Un polar historique impressionnant de maîtrise
En cette fin de XIXe siècle, la République est secouée par de nombreux courants très virulents. L’approche d’élections mobilise les passions. Le nationalisme se déchaîne. L’antisémitisme, nourri par l’affaire Dreyfus, divise les populations et attise les haines. Des hommes s’élèvent contre l’injustice et tentent de trouver des solutions pour minimiser la misère des petites gens.
Le romancier installe son intrigue dans un quartier populaire du vieux Lyon, traditionnellement ouvrier, parmi le peuple où règne la précarité, où survivre est l’affaire de tous les instants, où la violence est quotidienne.
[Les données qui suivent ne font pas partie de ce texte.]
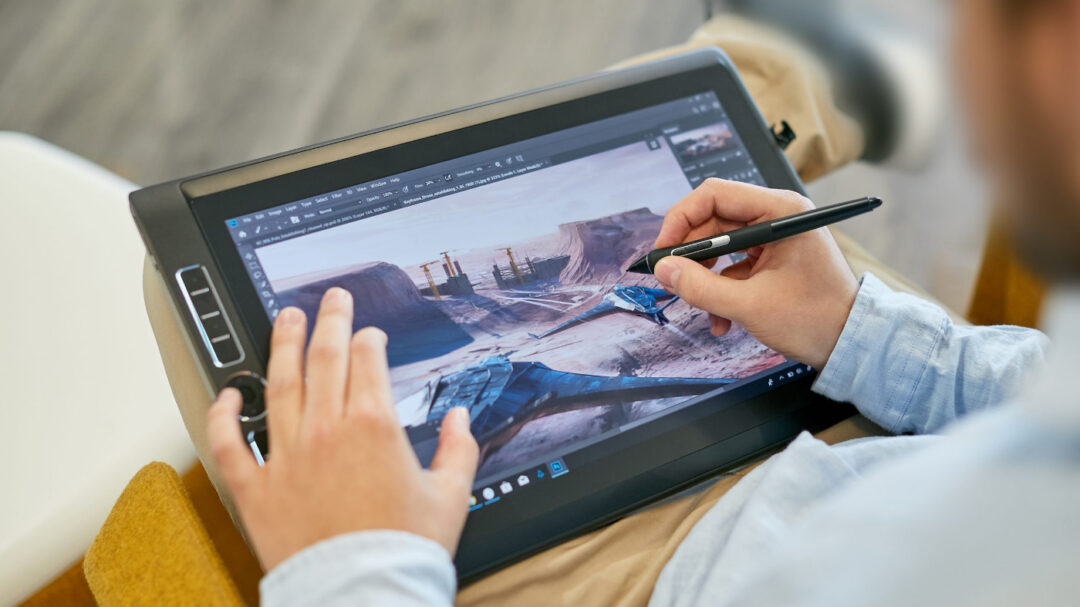 MobileStudio-Pro-16 In USe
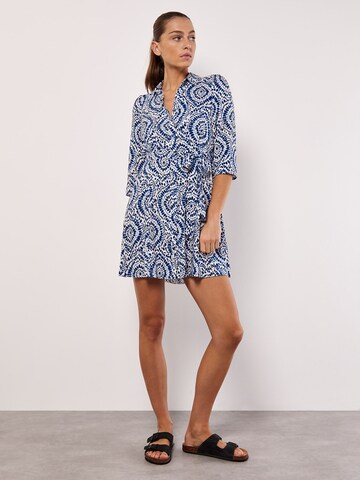 Apricot Blusenkleid in Blau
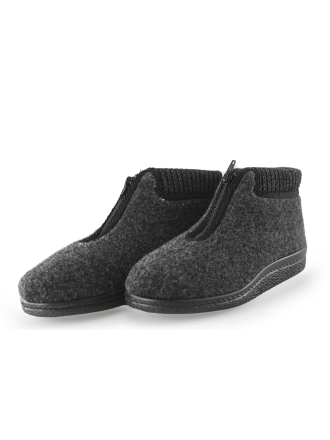  Nelson Pantoffels 259962
 [MAAT] 38
 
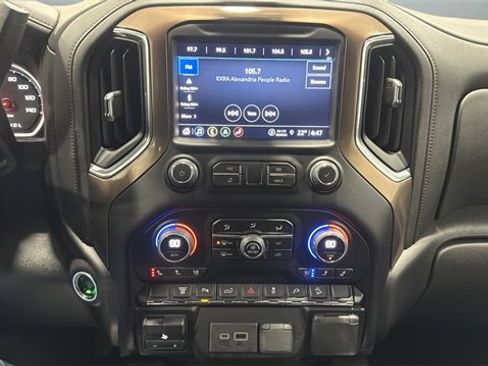 Used 2022 Chevrolet Silverado 3500 High Country image 16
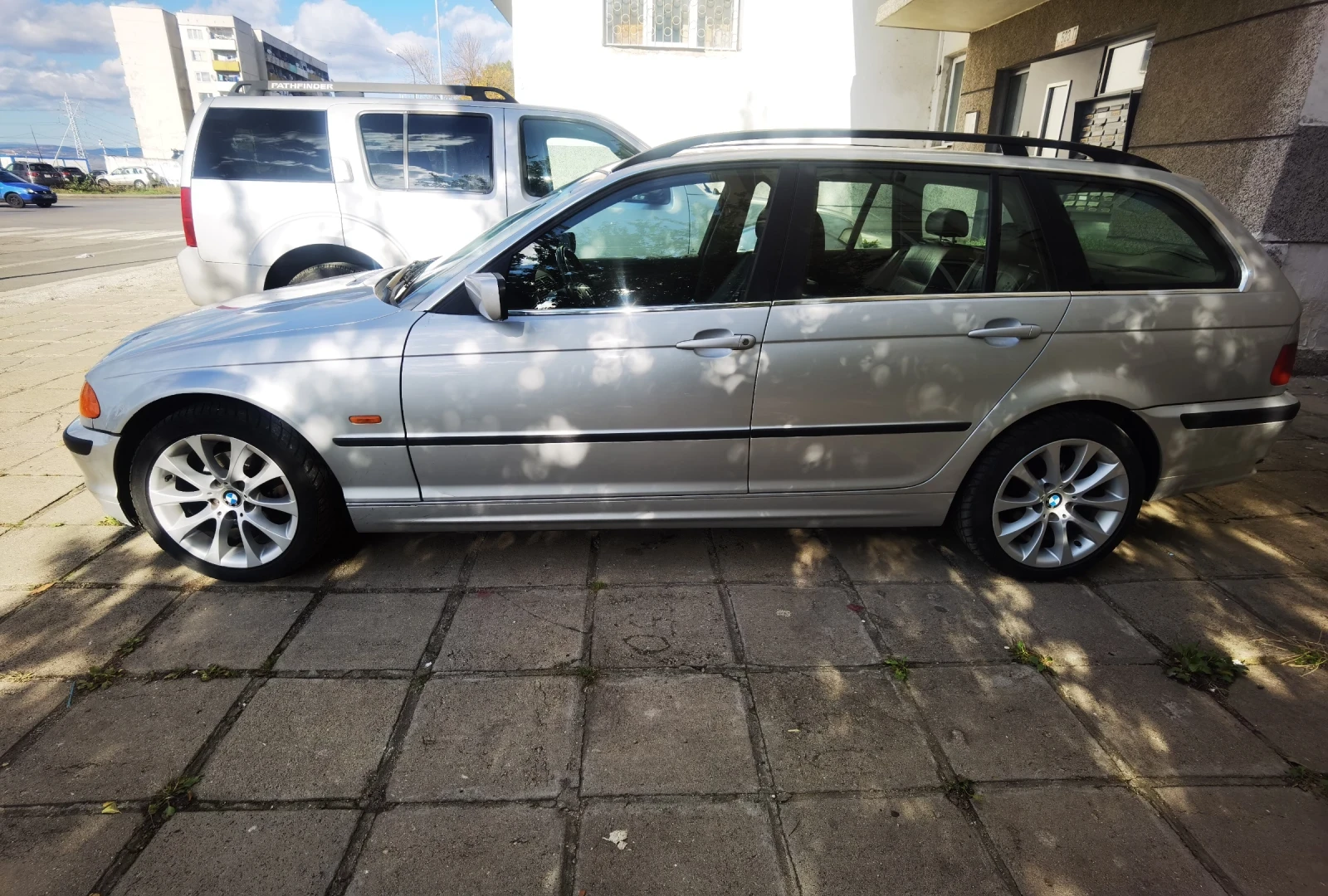 BMW 320 2.0 - 150к.с., снимка 3 - Автомобили и джипове - 54112986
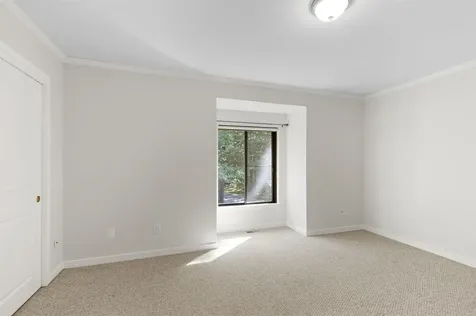 1 Dunvegan Woods Drive Hampton NH 03842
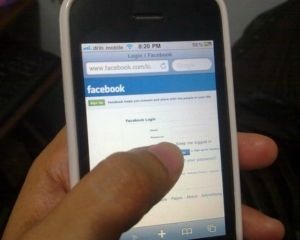 Έρευνα: Οι Έλληνες επικοινωνούν μέσω Facebook για να μειώσουν τα έξοδα!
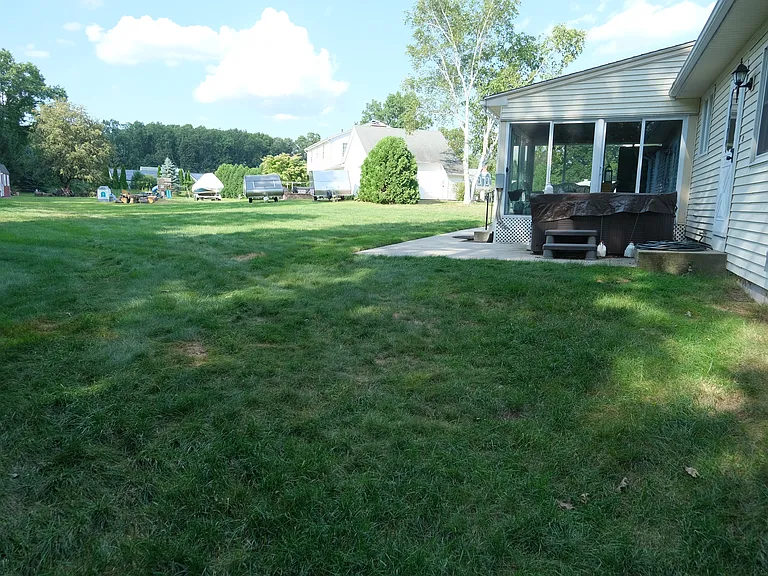 51 Valley View Cir — Photo 36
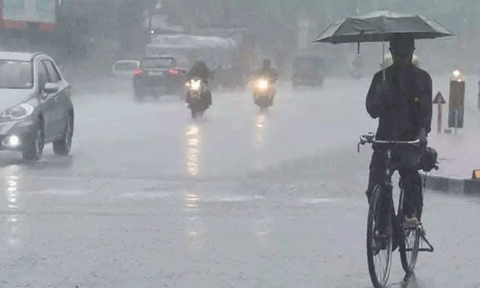 சென்னையில் விட்டு விட்டு பெய்யும் கனமழை - வாகன ஓட்டிகள் அவதி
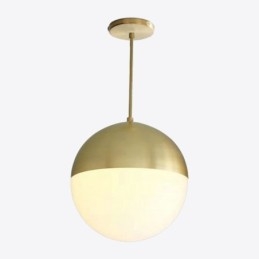 Lampe suspendue moderne en forme de boule de verre, idéale pour un îlot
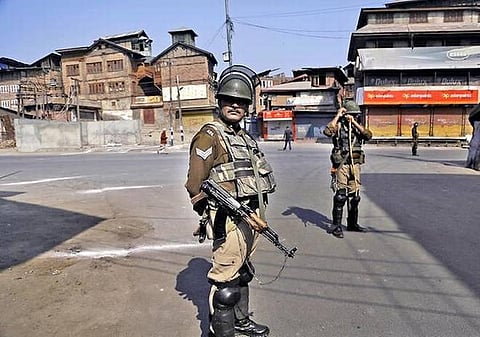 தூக்கிலிடப்பட்ட தலைவரின் உடலை எங்களிடம் கொடுங்கள் -  கடையடைப்புக்கு அழைப்பு விடுத்துள்ள  காஷ்மீர் பிரிவினைவாதிகள் கோரிக்கை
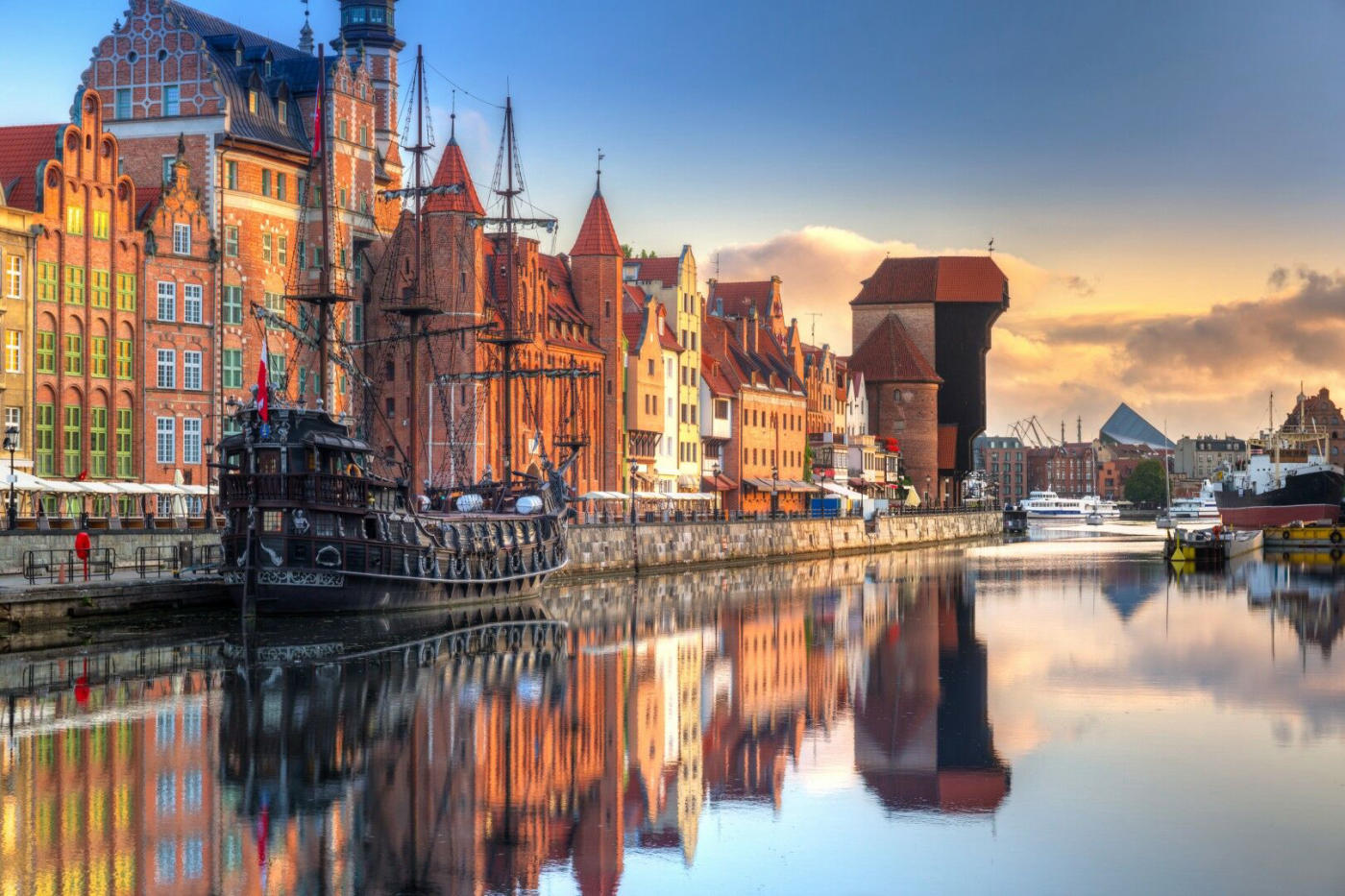 Wonders of Poland: Kraków, Wieliczka, Auschwitz, Gdańsk, Malbork and Warsaw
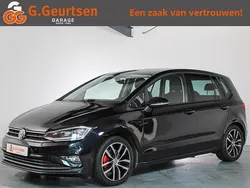 Zwart, metallic lak Gebruikt 2018 VW Golf Sportsvan Highline MPV | € 18.450 (Eerlijke prijs)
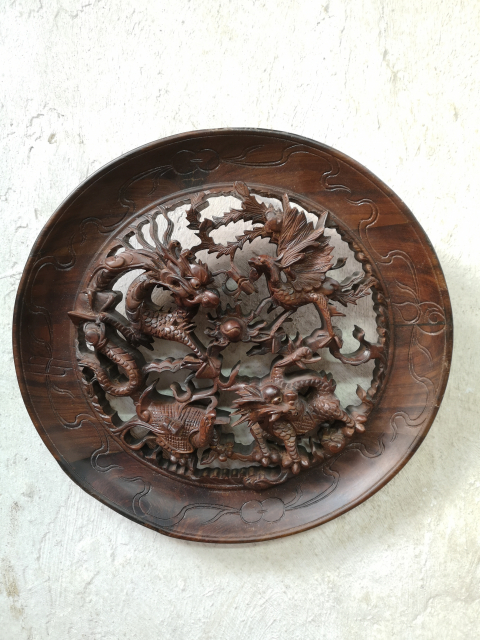 
															Assiette plat sculpté de dragon, tortue
														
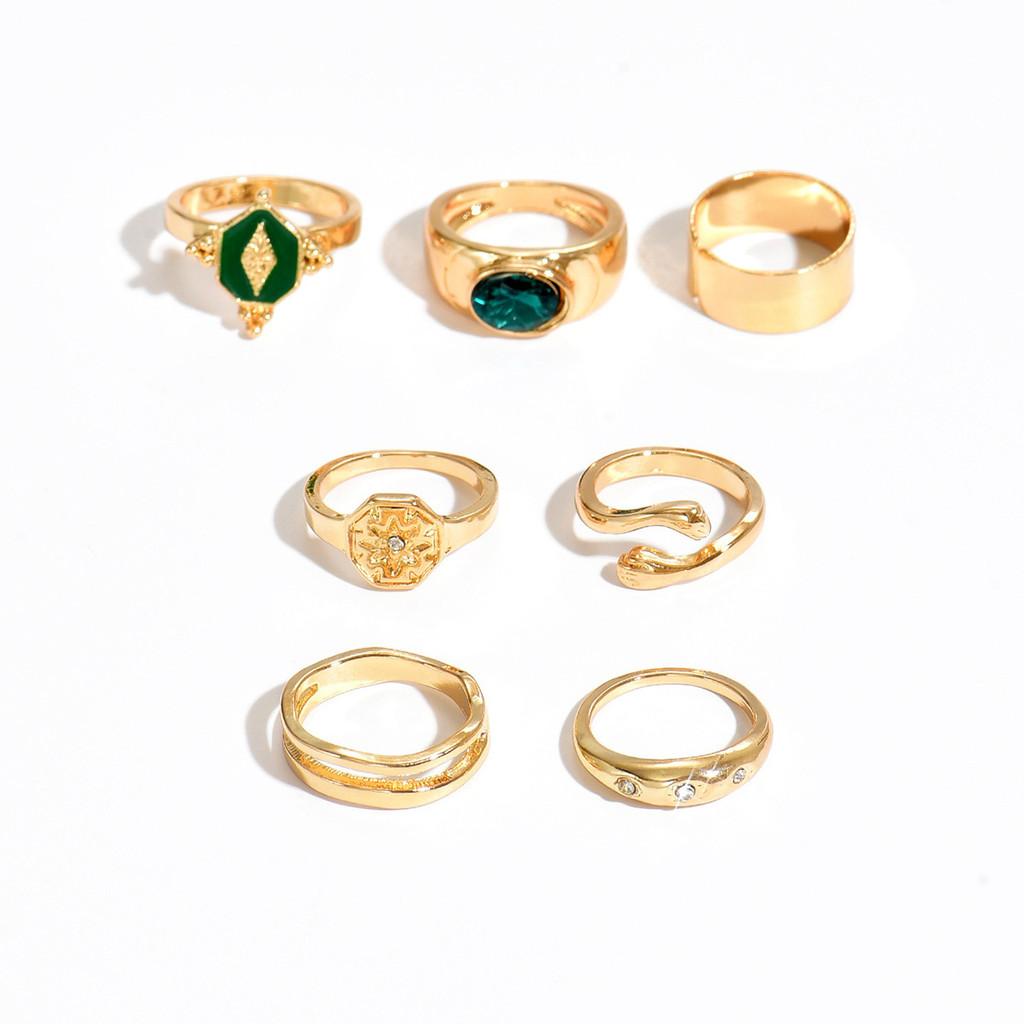 Geometric Silver Ring Set With Green Embellishments For Trendy Women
Pierre Demange est chiffonnier à Lyon. En ce premier jour de 1898, il part au petit matin pour la décharge de la Croix-Rousse faire provisions des vieux papiers qu’il revend. Avec son crochet, il repère une couverture dans laquelle il découvre un corps décapité, mutilé. C’est à l’autopsie que le légiste découvre que le corps du garçon porte des traces d’atteinte à la pudeur, qu’il est mort par empoisonnement à l’éther. Il plane encore l’ombre de Joseph Vacher, ce vagabond qui violait garçons et filles sur son chemin, avant de les tuer et de les mutiler.
La tournée des commissariats de quartier donne quelques noms de satyres. En reprenant les dossiers des enfants disparus, le commissaire Soubielle trouve celui de Maurice Allègre qui porte sur le dos les mêmes traces d’une varicelle carabinée. Sous les ordres de Soubielle, trois policiers vont écumer les milieux populaires d’un Lyon en proie à de fortes tensions. Ils vont explorer différentes pistes, interroger ceux qui sont fichés. Mais quand un enquêteur est retrouvé assassiné…
Avec une maîtrise remarquable, Gwenaël Bulteau mène une intrigue policière qui a pour point de départ des disparitions et des meurtres d’enfants. Elle croise différentes pistes, prend des directions diverses et singulières. Il décrit avec justesse, sans tomber dans le pathos ni la commisération hypocrite, les inégalités, les injustices, l’absence de droits des femmes qui ne peuvent, dans la plupart des cas, que subir.
Le travail historique, documentaire sur l’environnement de l’époque est énorme, mais ne donne pas l’impression d’une leçon d’histoire. Tous les éléments s’emboîtent dans le récit, sans l’alourdir ou casser le rythme.
Ce que ce roman décrit et met en lumière est terrible. C’est la maltraitance des faibles, la faillite d’une République qui s’était vantée de les protéger. Mais cette situation a-t-elle bien évolué quand on comptabilise aujourd’hui le nombre des enfants battus, des féminicides ?
Les personnages, qu’ils soient ouvriers ou bourgeois, sont campés avec soin, sans dichotomie. Ils ont des comportements tout en nuances, oscillant entre le bien et le mal, entre honnêteté et délinquance.
Avec La République des faibles, Gwenaël Bulteau livre un roman historique d’une belle noirceur, mais si riche qu’on ne peut arrêter sa lecture.
serge perraud
Gwenaël Bulteau, La République des faibles, Éditions 10/18 n° 5739, coll. “Polar”, mars 2022, 336 p. — 8,50 €.